By reducing variance in the ELBO surrogate and controlling gradient steps, online reinforcement learning for denoising generative models becomes stable, efficient, and superior to MDP-based alternatives.

A machine-rendered reading of the paper's core claim, the machinery that carries it, and where it could break.

Denoising generative models such as diffusion models used in text-to-image tasks have intractable likelihoods, which blocks straightforward application of online RL for alignment with rewards or preferences. Earlier attempts either converted the problem into an MDP over full sampling trajectories, which proved stable but slow, or relied on ELBO-based likelihood surrogates that suffered from high variance and instability. The paper shows that simple variance reduction combined with controlled gradient steps turns the ELBO surrogate into a workable and efficient estimator. When this estimator is paired with the Group Relative Policy Optimization algorithm, the resulting V-GRPO method delivers higher performance than MDP baselines while cutting training time substantially. A sympathetic reader cares because the approach keeps the optimization close to the model's original pretraining objective and removes the need for expensive trajectory sampling.

Core claim

V-GRPO shows that an ELBO-based surrogate for policy gradients, once stabilized through variance reduction and step-size control, can be integrated with GRPO to produce stable online RL updates for denoising generative models; this yields state-of-the-art text-to-image results together with a 2x speedup over MixGRPO and a 3x speedup over DiffusionNFT.

What carries the argument

V-GRPO, the algorithm that pairs reduced-variance ELBO likelihood surrogates with Group Relative Policy Optimization and explicit gradient control to enable direct, stable policy updates on denoising models.

Load-bearing premise

The proposed variance reduction and gradient control steps will keep the ELBO surrogate stable across different model architectures and reward signals without introducing fresh instabilities or demanding heavy per-task tuning.

What would settle it

Apply V-GRPO to a standard text-to-image diffusion model, compare reward scores and wall-clock training time against MixGRPO and DiffusionNFT on the same benchmark; if the method fails to match the reported performance gains or speedups, the central claim does not hold.

Figures

Figures reproduced from arXiv: 2604.23380 by Bingda Tang, Jiayuan Mao, Ludwig Schmidt, Serena Yeung-Levy, Xiaohan Wang, Yuhui Zhang.

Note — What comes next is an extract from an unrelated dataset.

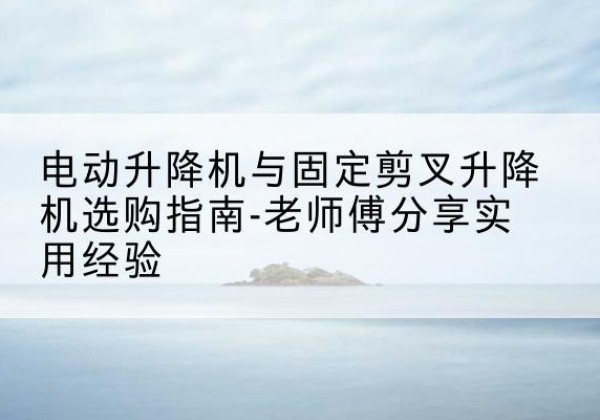 沙坪坝区电动升降机怎么选-电动升降机与固定剪叉升降机选购指南-老师傅分享实用经验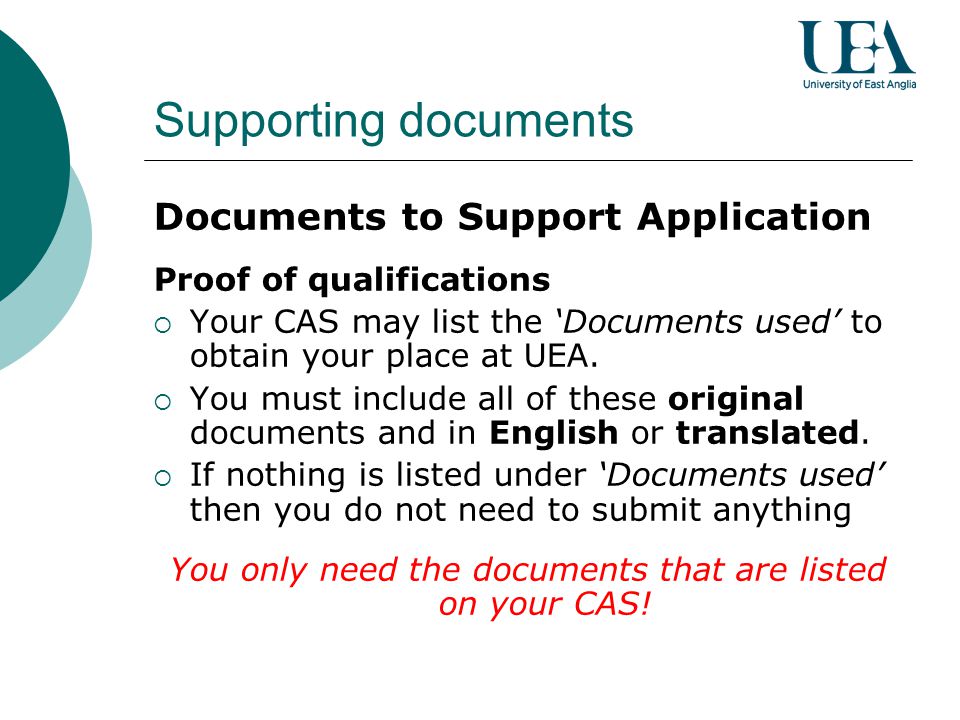 You only need the documents that are listed on your CAS!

**Figure 1.** Figure 1: Per-sample loss varies substantially across timesteps. Statistics are computed over 400 samples using Eq. (10). Shaded regions indicate ±1 standard deviation. that could fail to faithfully reflect the relative likelihoods. This problem is further compounded by the observation in view at source ↗

**Figure 2.** Figure 2: Gradient norms scale with surrogate magnitude. Statistics are computed over ∼20K samples using FLUX.1-dev. Gradient norms are computed by backpropagating through the importance ratios, without applying clipping or scaling by the advantages. Mean curves are truncated to the 1st-99th percentile range. Group-shared timestep-noise pairs. To reduce variance in the surrogate magnitude arising from random draws… view at source ↗

**Figure 3.** Figure 3: Qualitative comparison from the FLUX.1-dev main experiments. V-GRPO achieves superior performance in alignment, coherence, and style. In the second example, it shows strong text rendering capabilities without leveraging task-specific rewards or datasets. As shown in Tab. 4, KL penalty plays a key role in preserving capabilities acquired during earlier training. However, on its own it is not always suffic… view at source ↗

**Figure 4.** Figure 4: Results for ablation studies. Moreover, V-GRPO achieves competitive performance in single-reward settings. Results are reported in Tab. 6. 5.4. Ablation Studies Reducing surrogate variance. Fig. 4a ablates the proposed surrogate variance reduction techniques on FLUX.1- dev [16]. Without these methods, the naive baseline suffers from severe training instability. Removing either groupshared timestep-noise … view at source ↗

**Figure 5.** Figure 5: Ablation studies of surrogate variance reduction techniques. Implementation details follow those of Stage-1 training in the SD 3.5 main experiments. 0 50 100 150 200 250 300 Training Iteration 1.30 1.35 1.40 1.45 1.50 1.55 1.60 Mean Reward x-prediction -prediction v-prediction view at source ↗

**Figure 6.** Figure 6: Ablation studies of alternative reparameterizations of model predictions. Implementation details follow those used in the FLUX.1-dev experiments view at source ↗

**Figure 7.** Figure 7: Qualitative comparison from the FLUX.1-dev main experiments. V-GRPO achieves superior performance in alignment, coherence, and style. In the fourth example, it demonstrates strong world knowledge view at source ↗

**Figure 8.** Figure 8: Qualitative comparison from the SD 3.5 M main experiments. V-GRPO achieves superior performance in alignment, coherence, and style view at source ↗

read the original abstract

Aligning denoising generative models with human preferences or verifiable rewards remains a key challenge. While policy-gradient online reinforcement learning (RL) offers a principled post-training framework, its direct application is hindered by the intractable likelihoods of these models. Prior work therefore either optimizes an induced Markov decision process (MDP) over sampling trajectories, which is stable but inefficient, or uses likelihood surrogates based on the diffusion evidence lower bound (ELBO), which have so far underperformed on visual generation. Our key insight is that the ELBO-based approach can, in fact, be made both stable and efficient. By reducing surrogate variance and controlling gradient steps, we show that this approach can beat MDP-based methods. To this end, we introduce Variational GRPO (V-GRPO), a method that integrates ELBO-based surrogates with the Group Relative Policy Optimization (GRPO) algorithm, alongside a set of simple yet essential techniques. Our method is easy to implement, aligns with pretraining objectives, and avoids the limitations of MDP-based methods. V-GRPO achieves state-of-the-art performance in text-to-image synthesis, while delivering a $2\times$ speedup over MixGRPO and a $3\times$ speedup over DiffusionNFT.

Editorial analysis

A structured set of objections, weighed in public.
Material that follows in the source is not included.